Il est impossible de prévoir comment pourra évoluer la situation dans les prochaines années ; mais il est clair que le monde n'a plus, aujourd'hui, de système monétaire stable. C'est encore plus évident depuis que de nombreuses monnaies se sont mises à flotter. L'absence de parité fixe entre les monnaies constitue la principale menace qui pèse sur la vie économique internationale.

Négociations

Aujourd'hui les échanges extérieurs constituent un des principaux soutiens de l'activité économique de chaque pays. C'est ainsi que les exportations de produits industriels, calculées en pourcentage de la production de ces produits dans chaque économie, ont atteint 25 % en France (contre 22 % en 1960), 38 % au Japon et en Allemagne, 46 % en Italie, 48 % en Grande-Bretagne, 62 % en Suède et 75 % aux Pays-Bas. Or, lorsque les taux de change ne sont plus fixes, l'entreprise qui achète à l'étranger ne sait pas d'avance quel prix elle va payer ; et celle qui vend à l'extérieur ne sait pas davantage quel profit elle peut espérer.

Pour l'instant, aucune catastrophe ne s'est encore produite : le commerce international vit sur la vitesse acquise, et les relations restent assez stables à l'intérieur de grands ensembles comme le Marché commun.
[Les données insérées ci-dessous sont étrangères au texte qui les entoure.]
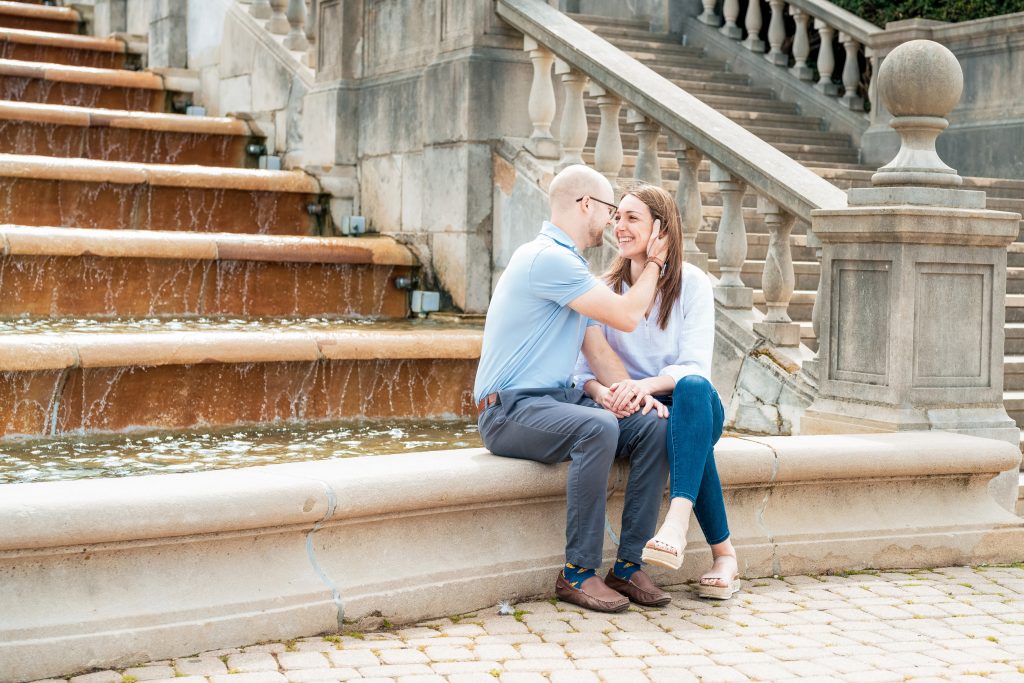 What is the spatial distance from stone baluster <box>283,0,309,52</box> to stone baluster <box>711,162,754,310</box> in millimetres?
5204

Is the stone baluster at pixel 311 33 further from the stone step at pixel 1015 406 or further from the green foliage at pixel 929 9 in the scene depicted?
the stone step at pixel 1015 406

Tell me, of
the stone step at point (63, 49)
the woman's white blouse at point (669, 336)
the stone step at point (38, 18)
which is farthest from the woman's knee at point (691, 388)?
the stone step at point (38, 18)

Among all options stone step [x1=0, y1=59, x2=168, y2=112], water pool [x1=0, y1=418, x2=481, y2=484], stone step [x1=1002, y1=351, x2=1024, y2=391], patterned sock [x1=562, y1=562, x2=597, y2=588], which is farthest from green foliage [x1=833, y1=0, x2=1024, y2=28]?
patterned sock [x1=562, y1=562, x2=597, y2=588]

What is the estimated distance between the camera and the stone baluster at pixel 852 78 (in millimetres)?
12875

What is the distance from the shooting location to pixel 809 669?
3.92 m

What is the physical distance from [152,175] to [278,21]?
9.80 ft

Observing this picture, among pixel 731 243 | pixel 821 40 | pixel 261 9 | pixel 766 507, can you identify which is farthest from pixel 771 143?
pixel 766 507

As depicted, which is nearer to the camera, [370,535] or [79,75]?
[370,535]

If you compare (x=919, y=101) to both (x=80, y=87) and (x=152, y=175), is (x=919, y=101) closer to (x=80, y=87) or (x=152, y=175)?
(x=152, y=175)

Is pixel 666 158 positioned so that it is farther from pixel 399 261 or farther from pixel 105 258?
pixel 105 258

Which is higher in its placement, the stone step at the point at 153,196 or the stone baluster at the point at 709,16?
the stone baluster at the point at 709,16

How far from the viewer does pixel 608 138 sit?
→ 25.8ft

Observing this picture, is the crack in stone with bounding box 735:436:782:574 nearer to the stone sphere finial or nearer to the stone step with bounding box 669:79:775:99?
the stone sphere finial

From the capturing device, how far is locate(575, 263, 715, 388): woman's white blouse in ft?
16.2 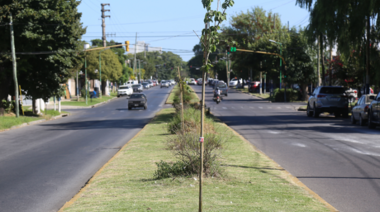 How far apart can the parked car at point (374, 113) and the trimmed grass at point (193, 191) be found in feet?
36.2

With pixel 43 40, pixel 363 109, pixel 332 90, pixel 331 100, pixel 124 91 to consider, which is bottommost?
pixel 124 91

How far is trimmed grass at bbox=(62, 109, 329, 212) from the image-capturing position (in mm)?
6449

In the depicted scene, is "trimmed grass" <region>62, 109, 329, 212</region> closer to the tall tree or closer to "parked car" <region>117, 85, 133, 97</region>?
the tall tree

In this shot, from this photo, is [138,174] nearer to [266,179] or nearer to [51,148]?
[266,179]

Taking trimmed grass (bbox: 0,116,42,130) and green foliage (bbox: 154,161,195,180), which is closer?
green foliage (bbox: 154,161,195,180)

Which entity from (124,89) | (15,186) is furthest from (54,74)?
(124,89)

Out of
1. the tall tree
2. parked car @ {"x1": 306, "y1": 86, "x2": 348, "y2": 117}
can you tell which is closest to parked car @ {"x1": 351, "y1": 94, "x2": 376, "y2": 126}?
parked car @ {"x1": 306, "y1": 86, "x2": 348, "y2": 117}

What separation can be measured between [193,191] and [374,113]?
1521 centimetres

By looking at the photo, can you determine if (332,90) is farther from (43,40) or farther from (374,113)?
(43,40)

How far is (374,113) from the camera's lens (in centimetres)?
2005

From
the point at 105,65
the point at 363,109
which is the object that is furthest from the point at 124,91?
the point at 363,109

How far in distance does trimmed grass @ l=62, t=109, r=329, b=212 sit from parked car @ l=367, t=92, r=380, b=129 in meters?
11.0

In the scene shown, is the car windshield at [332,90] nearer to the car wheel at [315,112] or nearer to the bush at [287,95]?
the car wheel at [315,112]

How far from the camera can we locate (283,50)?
54219 mm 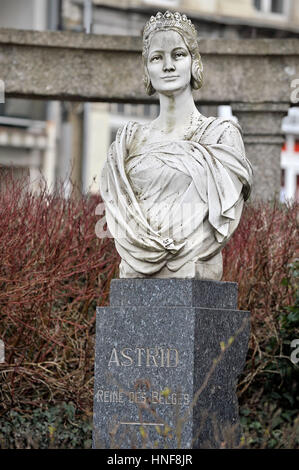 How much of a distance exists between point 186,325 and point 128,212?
910 millimetres

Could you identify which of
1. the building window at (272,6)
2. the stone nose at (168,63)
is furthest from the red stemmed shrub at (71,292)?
the building window at (272,6)

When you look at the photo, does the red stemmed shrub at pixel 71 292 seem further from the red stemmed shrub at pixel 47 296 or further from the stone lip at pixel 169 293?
the stone lip at pixel 169 293

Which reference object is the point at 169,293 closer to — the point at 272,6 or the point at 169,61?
the point at 169,61

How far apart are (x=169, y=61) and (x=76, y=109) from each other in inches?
700

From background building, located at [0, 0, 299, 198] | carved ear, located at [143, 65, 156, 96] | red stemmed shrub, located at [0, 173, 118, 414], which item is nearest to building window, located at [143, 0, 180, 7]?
background building, located at [0, 0, 299, 198]

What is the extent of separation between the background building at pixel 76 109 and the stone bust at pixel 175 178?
1683 cm

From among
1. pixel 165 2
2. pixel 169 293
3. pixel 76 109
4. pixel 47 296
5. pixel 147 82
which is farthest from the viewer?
pixel 165 2

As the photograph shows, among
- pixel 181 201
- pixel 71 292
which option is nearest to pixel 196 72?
pixel 181 201

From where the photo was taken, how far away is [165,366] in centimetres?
786

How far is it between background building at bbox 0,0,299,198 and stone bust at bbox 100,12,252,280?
16829 mm

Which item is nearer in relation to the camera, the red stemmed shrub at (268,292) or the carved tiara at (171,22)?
the carved tiara at (171,22)

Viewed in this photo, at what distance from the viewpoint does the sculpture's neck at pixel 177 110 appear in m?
8.45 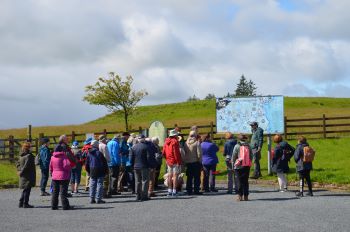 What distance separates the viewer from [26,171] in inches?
524

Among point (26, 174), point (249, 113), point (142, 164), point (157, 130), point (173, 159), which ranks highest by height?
point (249, 113)

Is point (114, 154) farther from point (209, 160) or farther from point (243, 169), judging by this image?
point (243, 169)

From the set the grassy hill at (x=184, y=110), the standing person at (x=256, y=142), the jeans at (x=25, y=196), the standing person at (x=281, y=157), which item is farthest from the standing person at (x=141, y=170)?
the grassy hill at (x=184, y=110)

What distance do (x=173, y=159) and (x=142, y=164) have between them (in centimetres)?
107

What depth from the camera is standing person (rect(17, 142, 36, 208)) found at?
43.4 ft

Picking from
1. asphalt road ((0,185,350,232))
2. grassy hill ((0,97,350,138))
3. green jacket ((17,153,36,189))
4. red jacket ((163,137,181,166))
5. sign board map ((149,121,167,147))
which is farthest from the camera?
grassy hill ((0,97,350,138))

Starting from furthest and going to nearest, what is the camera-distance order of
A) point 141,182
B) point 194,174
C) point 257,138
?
point 257,138 → point 194,174 → point 141,182

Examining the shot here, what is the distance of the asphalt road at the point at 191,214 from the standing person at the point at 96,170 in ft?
1.08

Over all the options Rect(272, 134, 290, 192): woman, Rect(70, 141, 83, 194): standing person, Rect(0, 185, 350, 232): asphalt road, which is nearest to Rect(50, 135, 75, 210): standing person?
Rect(0, 185, 350, 232): asphalt road

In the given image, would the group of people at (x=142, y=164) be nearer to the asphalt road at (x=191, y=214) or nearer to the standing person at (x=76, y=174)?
the standing person at (x=76, y=174)

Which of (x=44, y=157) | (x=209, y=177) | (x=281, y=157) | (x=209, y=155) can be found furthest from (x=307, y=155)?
(x=44, y=157)

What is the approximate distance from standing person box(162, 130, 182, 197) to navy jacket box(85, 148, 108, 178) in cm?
200

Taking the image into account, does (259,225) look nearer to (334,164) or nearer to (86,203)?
(86,203)

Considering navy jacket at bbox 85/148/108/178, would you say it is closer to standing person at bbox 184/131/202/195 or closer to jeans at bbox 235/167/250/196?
standing person at bbox 184/131/202/195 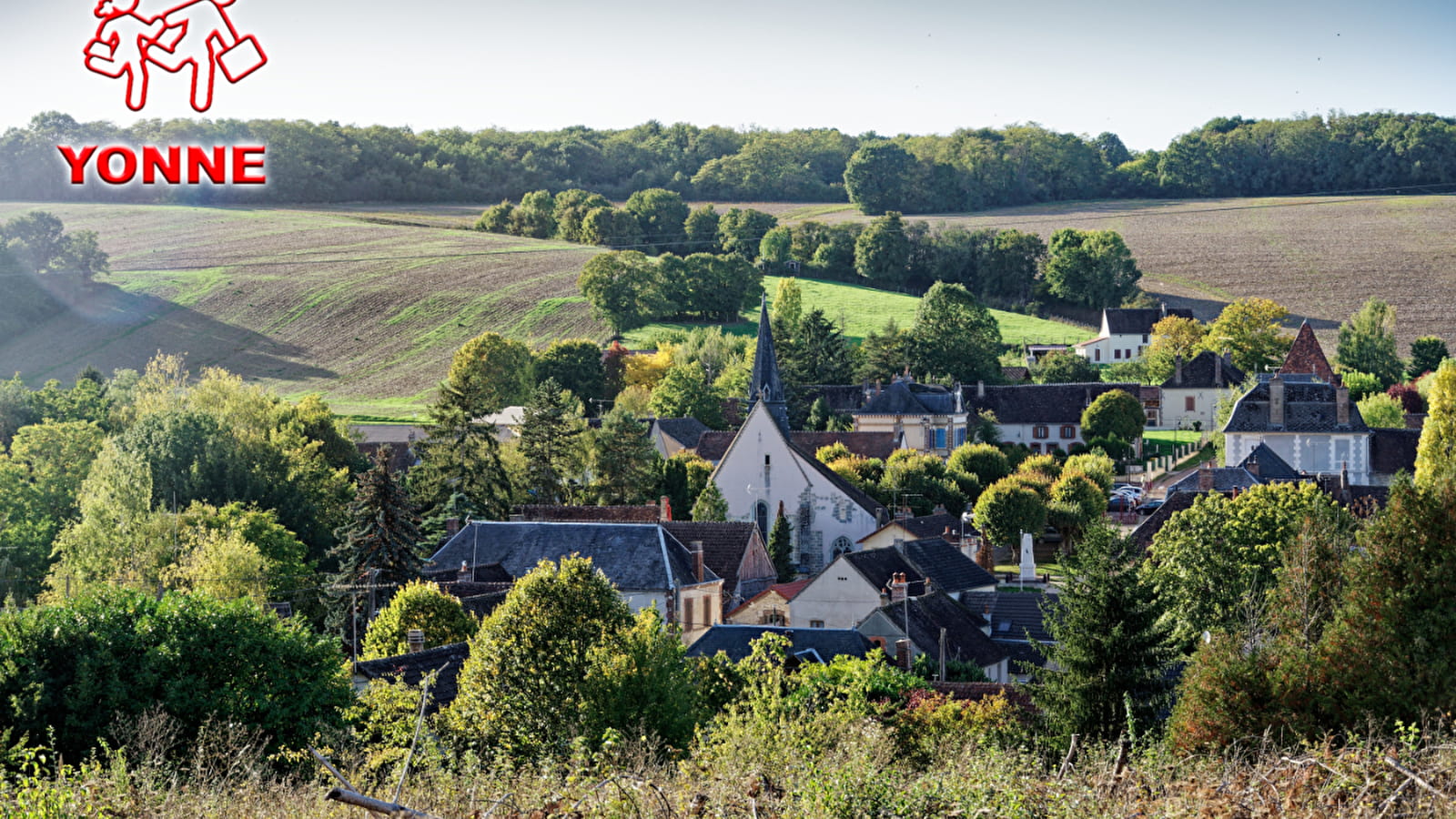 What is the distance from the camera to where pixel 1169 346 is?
9206cm

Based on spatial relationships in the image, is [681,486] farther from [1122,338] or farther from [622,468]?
[1122,338]

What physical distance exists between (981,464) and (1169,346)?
32496mm

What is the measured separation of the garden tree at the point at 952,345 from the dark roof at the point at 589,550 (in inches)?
1842

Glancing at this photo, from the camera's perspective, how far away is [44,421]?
57.3 metres

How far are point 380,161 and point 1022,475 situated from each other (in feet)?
289

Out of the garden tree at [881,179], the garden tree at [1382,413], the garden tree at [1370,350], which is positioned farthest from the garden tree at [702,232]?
the garden tree at [1382,413]

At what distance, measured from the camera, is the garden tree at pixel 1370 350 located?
8794cm

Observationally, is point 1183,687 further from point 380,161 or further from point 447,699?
point 380,161

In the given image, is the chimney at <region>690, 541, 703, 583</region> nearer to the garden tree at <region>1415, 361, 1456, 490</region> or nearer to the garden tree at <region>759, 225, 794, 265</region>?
the garden tree at <region>1415, 361, 1456, 490</region>

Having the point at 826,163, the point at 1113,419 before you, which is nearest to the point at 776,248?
the point at 826,163

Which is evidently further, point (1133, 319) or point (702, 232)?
point (702, 232)

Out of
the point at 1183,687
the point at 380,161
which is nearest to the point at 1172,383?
the point at 1183,687

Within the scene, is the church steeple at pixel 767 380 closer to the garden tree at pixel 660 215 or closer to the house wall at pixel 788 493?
the house wall at pixel 788 493

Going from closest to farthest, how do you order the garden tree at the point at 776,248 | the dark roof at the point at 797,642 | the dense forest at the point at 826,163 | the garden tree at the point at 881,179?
the dark roof at the point at 797,642 < the garden tree at the point at 776,248 < the dense forest at the point at 826,163 < the garden tree at the point at 881,179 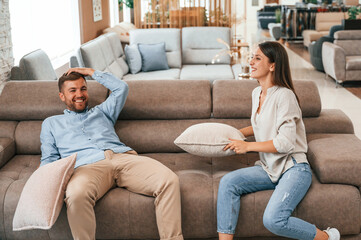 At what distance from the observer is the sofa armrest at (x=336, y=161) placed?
227cm

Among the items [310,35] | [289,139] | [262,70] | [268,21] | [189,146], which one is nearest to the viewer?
[289,139]

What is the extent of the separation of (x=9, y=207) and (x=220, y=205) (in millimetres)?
1069

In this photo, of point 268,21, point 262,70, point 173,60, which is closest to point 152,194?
point 262,70

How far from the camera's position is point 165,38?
6.13 m

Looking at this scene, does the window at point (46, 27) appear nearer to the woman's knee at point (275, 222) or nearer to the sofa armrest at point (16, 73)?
the sofa armrest at point (16, 73)

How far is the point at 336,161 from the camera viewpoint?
2.29 meters

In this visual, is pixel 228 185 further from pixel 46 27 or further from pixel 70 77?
pixel 46 27

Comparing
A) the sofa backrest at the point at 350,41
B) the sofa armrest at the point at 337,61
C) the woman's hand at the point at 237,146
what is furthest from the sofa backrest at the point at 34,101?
the sofa backrest at the point at 350,41

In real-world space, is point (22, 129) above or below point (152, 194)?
above

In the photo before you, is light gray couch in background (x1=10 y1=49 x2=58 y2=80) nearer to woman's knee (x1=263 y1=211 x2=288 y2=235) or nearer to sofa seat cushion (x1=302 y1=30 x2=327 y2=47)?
woman's knee (x1=263 y1=211 x2=288 y2=235)

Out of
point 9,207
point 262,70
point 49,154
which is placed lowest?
point 9,207

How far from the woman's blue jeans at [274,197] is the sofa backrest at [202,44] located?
402 centimetres

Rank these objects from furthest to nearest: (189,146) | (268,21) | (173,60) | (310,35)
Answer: (268,21) < (310,35) < (173,60) < (189,146)

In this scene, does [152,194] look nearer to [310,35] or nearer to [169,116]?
[169,116] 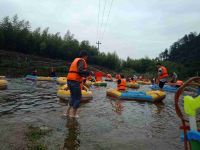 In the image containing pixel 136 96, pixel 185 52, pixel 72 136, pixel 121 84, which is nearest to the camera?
pixel 72 136

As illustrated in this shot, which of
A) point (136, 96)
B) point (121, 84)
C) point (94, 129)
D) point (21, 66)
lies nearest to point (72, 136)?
point (94, 129)

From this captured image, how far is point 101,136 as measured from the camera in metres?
6.17

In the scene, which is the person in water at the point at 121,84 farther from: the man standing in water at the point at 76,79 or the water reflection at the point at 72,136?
the water reflection at the point at 72,136

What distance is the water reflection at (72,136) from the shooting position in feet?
17.6

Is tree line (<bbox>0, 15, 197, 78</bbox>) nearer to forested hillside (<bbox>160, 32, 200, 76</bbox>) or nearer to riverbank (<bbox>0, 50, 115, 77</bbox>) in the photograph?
riverbank (<bbox>0, 50, 115, 77</bbox>)

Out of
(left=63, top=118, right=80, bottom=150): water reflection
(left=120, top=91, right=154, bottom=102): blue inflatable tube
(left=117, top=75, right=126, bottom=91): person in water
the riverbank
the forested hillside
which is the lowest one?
(left=63, top=118, right=80, bottom=150): water reflection

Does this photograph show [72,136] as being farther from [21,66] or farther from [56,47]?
[56,47]

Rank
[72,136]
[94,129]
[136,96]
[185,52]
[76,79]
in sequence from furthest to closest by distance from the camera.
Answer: [185,52], [136,96], [76,79], [94,129], [72,136]

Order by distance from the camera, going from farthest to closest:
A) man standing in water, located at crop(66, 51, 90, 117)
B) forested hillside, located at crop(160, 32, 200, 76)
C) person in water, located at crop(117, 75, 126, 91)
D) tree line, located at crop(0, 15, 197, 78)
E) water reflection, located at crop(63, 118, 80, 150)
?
forested hillside, located at crop(160, 32, 200, 76) < tree line, located at crop(0, 15, 197, 78) < person in water, located at crop(117, 75, 126, 91) < man standing in water, located at crop(66, 51, 90, 117) < water reflection, located at crop(63, 118, 80, 150)

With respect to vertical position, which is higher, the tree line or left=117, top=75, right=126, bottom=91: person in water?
the tree line

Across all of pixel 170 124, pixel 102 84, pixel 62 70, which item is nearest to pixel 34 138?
pixel 170 124

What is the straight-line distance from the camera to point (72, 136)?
6.06m

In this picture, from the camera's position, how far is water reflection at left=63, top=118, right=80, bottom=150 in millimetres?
5376

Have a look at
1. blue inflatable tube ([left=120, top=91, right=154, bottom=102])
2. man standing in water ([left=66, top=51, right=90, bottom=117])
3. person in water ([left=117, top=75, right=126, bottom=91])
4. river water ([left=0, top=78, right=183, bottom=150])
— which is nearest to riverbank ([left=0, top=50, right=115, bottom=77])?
person in water ([left=117, top=75, right=126, bottom=91]) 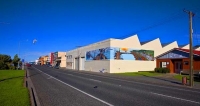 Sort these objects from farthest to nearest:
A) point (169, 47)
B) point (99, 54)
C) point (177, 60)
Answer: point (169, 47) < point (99, 54) < point (177, 60)

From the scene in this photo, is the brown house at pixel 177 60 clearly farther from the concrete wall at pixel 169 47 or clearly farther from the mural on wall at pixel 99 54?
the mural on wall at pixel 99 54

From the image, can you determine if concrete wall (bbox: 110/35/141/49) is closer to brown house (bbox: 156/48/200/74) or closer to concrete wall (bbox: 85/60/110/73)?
concrete wall (bbox: 85/60/110/73)

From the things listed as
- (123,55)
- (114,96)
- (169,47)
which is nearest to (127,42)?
(123,55)

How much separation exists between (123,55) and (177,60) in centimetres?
1184

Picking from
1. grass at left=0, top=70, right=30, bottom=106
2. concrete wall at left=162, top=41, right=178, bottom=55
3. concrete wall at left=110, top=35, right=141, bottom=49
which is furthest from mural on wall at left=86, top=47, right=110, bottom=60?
grass at left=0, top=70, right=30, bottom=106

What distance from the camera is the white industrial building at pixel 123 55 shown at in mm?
43312

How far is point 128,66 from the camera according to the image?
45.0 m

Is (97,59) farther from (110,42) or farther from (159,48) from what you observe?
(159,48)

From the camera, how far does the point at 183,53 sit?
125 ft

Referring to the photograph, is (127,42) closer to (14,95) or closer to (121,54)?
(121,54)

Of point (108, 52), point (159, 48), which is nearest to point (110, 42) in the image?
point (108, 52)

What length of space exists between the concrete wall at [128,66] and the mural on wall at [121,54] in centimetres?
94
Pour combien de temps ? Nul ne sait si, à l'occasion de nouvelles secousses, les monnaies européennes pourront continuer de se tenir ensemble. Déjà la livre sterling et la lire italienne font bande à part, et le mark a bien failli être contraint d'en faire autant (bien qu'en sens inverse, au début de l'été 1973).

La grande négociation commerciale souhaitée par les Américains pour l'automne 1973 est évidemment hypothéquée par cette inconnue monétaire. Les Européens refusent de faire des concessions commerciales aux Américains tant que ceux-ci n'auront pas accepté une plus grande discipline pour le dollar. Ils réclament donc une réforme du système monétaire comme préalable à la négociation commerciale. Les Américains, de leur côté, font monter les enchères en disant que tout cela s'inscrit dans une révision des relations politico-économiques entre les États-Unis, l'Europe et le Japon. Ils laissent entendre que l'aide militaire qu'ils apportent à l'Europe pour sa défense doit avoir des contreparties commerciales. La rencontre Nixon-Pompidou du 1er juin 1973 en Islande n'a pas tranché ce débat. Le point d'équilibre entre les exigences des uns et des autres n'est manifestement pas encore atteint. Il faut souhaiter qu'il le soit avant que la crise monétaire ne dégénère en crise économique, c'est-à-dire avant qu'au tumulte des monnaies s'ajoute celui des hommes.